Streaming

This content is for v0.9.2. Switch to the latest version for up-to-date documentation.

Overview

Streaming lets your application receive partial model output as it is produced. Use it for chat UIs, long-running responses, progress reporting, and command-line tools that should show output immediately instead of waiting for the final message.

Most LLM providers support token-by-token streaming. Deterministic providers such as CLIPS and Z3 may emit a single result chunk or a small number of status updates, depending on the operation.

When to Use Streaming

Use streaming when	Use a regular call when
Users should see output immediately	You need one complete JSON response
Responses may be long	Responses are small and predictable
You want progress or partial results	You need simpler error handling
You are building CLI or chat interfaces	You are running batch jobs

Rust

use futures::StreamExt;
use nxuskit::{completion_stream, NxuskitError};

#[tokio::main]
async fn main() -> Result<(), NxuskitError> {
    let mut stream = completion_stream("gpt-4o", "Count from one to five.").await?;

    while let Some(chunk) = stream.next().await {
        print!("{}", chunk?);
    }

    Ok(())
}

CLI

nxuskit-cli chat \
  --provider openai \
  --model gpt-4o \
  --stream \
  "Explain streaming responses in one paragraph."

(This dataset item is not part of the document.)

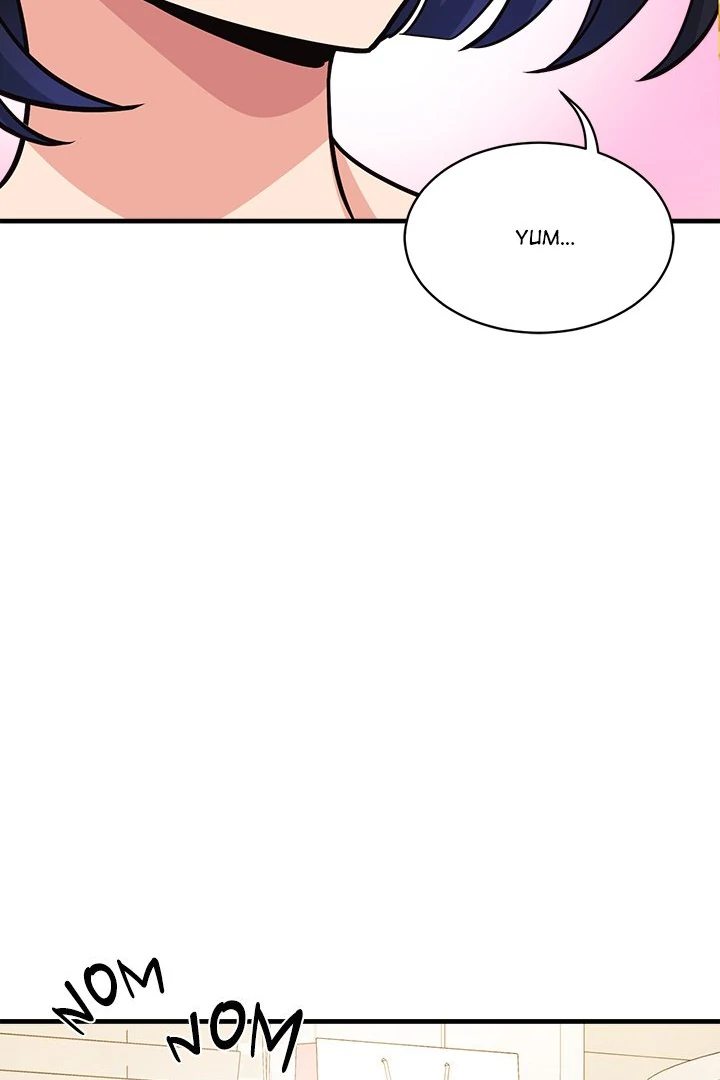 My Other Girlfriend page 114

For machine-readable output, use the Level 1 call command with JSONL:

echo '{"provider":"openai","model":"gpt-4o","prompt":"Count to five."}' \
  | nxuskit-cli call --input - --format jsonl --stream

Stream Events

Streaming APIs generally emit:

Content chunks — Partial text or structured deltas.
Metadata — Provider, model, token usage, timing, or trace information when available.
Completion — Final status, finish reason, or terminal error.

The exact fields vary by provider. Code that handles multiple providers should append content chunks as they arrive and treat metadata as optional.

Error Handling

Handle errors in the stream loop, not only at stream creation time. A provider can accept a request and still fail later because of rate limits, network interruptions, token limits, or a cancelled operation.